**WHAT NEEDS TO BE DONE:** Your output consists solely of the lines from the one that contains "Early Spring by" to the end of the material, each reproduced exactly; pictures do not belong in it.

**GIVEN MATERIAL:**
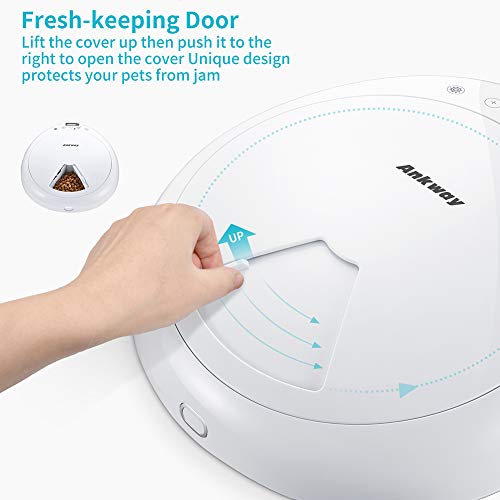 Ankway 6-Meal Automatic Pet Feeders, Dog and Cat Feeder with Programmable Digital Timer and Music, Portion Control & Voice Recording, Dry or Semi-Moist Puppy Kitten Bunny Food Dispenser - Image 6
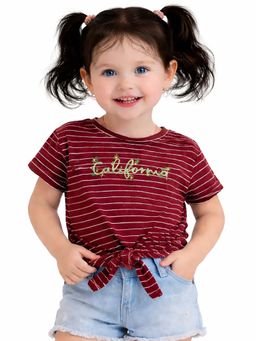 Bloom Up - Maroon Striped California Tie-Up T-Shirt For Girls
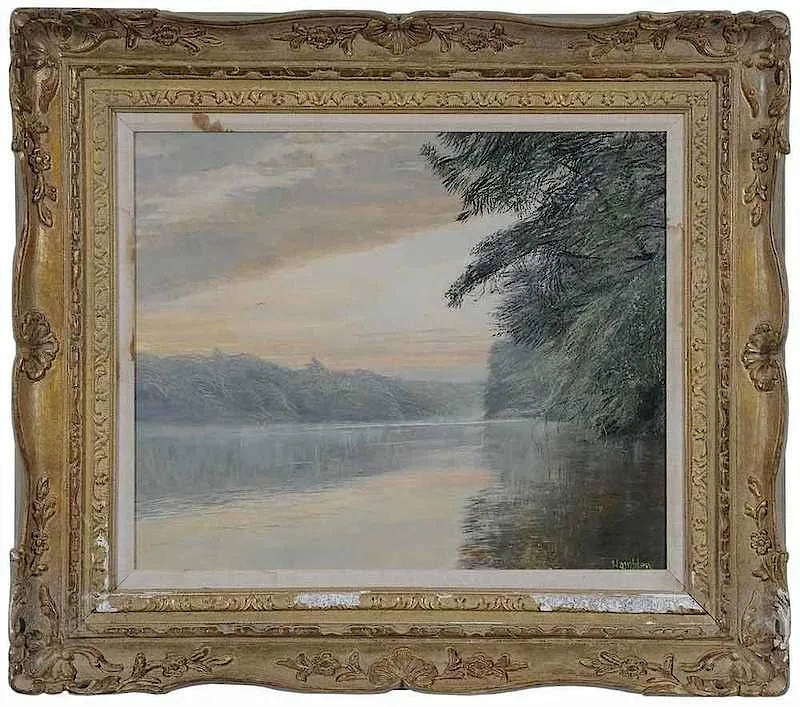 Early Spring by Robert Hamblen, oil on fiberboard, sold Jan 2018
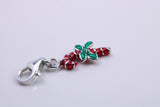 Christmas Candy Charm, Traditional Charm, Made from Solid 925 Grade Sterling Silver, Complete with Attachment Link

**ANSWER TO THE PROBLEM:**
 Early Spring by Robert Hamblen, oil on fiberboard, sold Jan 2018
 Christmas Candy Charm, Traditional Charm, Made from Solid 925 Grade Sterling Silver, Complete with Attachment Link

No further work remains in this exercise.